PROMPT →
Take the entries that follow and return exactly the lines from the one holding "Köpekle yürüyen yaşlı" through the one holding "Women Fall Long", both included. Nothing else is needed.

PROVIDED DATA →

= Beginning of Section =

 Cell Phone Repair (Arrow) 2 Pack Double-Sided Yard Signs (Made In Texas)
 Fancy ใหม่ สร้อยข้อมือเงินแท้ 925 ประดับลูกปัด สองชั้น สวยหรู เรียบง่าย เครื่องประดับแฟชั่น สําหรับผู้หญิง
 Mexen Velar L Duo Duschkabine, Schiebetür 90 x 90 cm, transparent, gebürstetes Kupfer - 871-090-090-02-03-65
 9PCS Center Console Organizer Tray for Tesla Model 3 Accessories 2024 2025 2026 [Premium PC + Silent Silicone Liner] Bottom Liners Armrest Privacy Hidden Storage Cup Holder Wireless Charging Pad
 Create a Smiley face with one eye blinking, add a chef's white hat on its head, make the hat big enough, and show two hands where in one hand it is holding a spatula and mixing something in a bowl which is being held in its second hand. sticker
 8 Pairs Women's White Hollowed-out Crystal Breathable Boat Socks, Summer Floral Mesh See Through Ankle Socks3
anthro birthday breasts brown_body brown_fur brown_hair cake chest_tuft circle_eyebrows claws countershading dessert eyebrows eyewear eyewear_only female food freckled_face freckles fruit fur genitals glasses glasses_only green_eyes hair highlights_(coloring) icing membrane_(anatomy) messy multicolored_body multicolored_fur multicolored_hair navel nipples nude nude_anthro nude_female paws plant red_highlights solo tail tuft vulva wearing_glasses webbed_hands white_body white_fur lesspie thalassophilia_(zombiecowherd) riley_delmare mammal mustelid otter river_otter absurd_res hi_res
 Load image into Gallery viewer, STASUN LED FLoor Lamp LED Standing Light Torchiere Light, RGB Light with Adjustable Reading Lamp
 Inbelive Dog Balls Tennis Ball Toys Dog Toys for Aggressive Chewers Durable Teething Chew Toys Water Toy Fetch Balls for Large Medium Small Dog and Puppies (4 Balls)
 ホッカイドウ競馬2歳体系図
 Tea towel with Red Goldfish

= End of Section =
= Beginning of Section =

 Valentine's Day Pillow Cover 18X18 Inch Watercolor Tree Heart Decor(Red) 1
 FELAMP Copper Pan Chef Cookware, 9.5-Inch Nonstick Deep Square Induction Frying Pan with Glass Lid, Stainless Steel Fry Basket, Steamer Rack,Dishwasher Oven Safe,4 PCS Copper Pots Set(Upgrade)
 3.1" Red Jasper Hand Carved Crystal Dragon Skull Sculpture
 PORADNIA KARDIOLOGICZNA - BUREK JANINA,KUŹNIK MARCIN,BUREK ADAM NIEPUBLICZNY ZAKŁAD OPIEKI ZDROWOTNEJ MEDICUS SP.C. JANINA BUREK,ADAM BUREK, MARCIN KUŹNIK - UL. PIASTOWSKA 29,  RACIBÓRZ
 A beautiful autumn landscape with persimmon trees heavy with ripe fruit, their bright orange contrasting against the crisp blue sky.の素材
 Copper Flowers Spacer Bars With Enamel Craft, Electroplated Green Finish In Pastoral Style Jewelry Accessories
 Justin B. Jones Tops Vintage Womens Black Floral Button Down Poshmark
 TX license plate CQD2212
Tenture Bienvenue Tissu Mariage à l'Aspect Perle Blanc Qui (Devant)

= End of Section =
= Beginning of Section =

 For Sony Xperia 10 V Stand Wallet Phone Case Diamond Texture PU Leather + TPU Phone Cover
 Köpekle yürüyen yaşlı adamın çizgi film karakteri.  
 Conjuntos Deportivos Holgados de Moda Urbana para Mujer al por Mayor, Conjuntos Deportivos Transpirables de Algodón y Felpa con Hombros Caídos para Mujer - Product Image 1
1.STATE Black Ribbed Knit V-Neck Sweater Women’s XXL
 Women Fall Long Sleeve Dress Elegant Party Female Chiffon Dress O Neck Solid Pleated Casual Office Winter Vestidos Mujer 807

= End of Section =

RESPONSE BELOW →
 Köpekle yürüyen yaşlı adamın çizgi film karakteri.  
 Conjuntos Deportivos Holgados de Moda Urbana para Mujer al por Mayor, Conjuntos Deportivos Transpirables de Algodón y Felpa con Hombros Caídos para Mujer - Product Image 1
1.STATE Black Ribbed Knit V-Neck Sweater Women’s XXL
 Women Fall Long Sleeve Dress Elegant Party Female Chiffon Dress O Neck Solid Pleated Casual Office Winter Vestidos Mujer 807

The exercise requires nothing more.